Wie de eerste stap naar ondernemerschap zet, richt meestal een eenmanszaak op. De relatief eenvoudige boekhouding en opstartprocedure zijn dan immers nét wat u nodig heeft. Maar wat als uw eenmansbedrijf stilaan uit zijn voegen barst? Dan is het misschien wel het moment aangebroken om de sprong naar een vennootschap te wagen. Enkele stappen voor een vlotte omzetting.
1. Check of de tijd rijp is
Overstappen op een vennootschap is vooral een slimme of zelfs broodnodige zet om:
minder zwaar belast te worden
Als zelfstandige in een eenmanszaak staat u onder hoge belastingdruk, dat weet u als geen ander. Schakelt u over op een vennootschap, dan valt u onder het voordeligere systeem van de vennootschapsbelasting: 33.99% in plaats van maximum 50%.

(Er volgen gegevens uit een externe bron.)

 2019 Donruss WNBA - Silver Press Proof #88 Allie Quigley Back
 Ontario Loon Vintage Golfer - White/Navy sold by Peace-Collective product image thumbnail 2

Vanaf inkomstenjaar 2018 zal dit tarief nog verder dalen tot 25%. Een KMO- vennootschap kan voor de eerste schijf van 100.000 EUR zelfs genieten van een tarief van 20%. Dit tarief zal weliswaar onderworpen zijn aan een minimumbezoldiging van 45.000 EUR.
zelf een bestemming aan de winst te geven
Zelf bepalen of, wanneer en hoeveel van uw winst als loon of als dividend wordt uitbetaald? In een eenmanszaak bent u eraan voor de moeite: uw inkomsten passeren de facto langs de personenbelasting. In een vennootschap beslist u echter zelf over de bestemming van de winst.
Tip: een vennootschap heeft slechts nut wanneer u meer verdient dan u opdoet. Dit betekent dat een vennootschap slechts nut heeft wanneer u de overschot kan herinvesteren in de vennootschap.
uw privébezittingen beter te beschermen
Hoe groter uw handelsverrichtingen, hoe omvangrijker de risico’s. Gaat het financieel mis met uw eenmanszaak, dan kan er ook op uw privébezittingen beslag worden gelegd. Bij een vennootschap kan dat niet: er is dan een scheiding tussen uw privé- en professioneel bezit.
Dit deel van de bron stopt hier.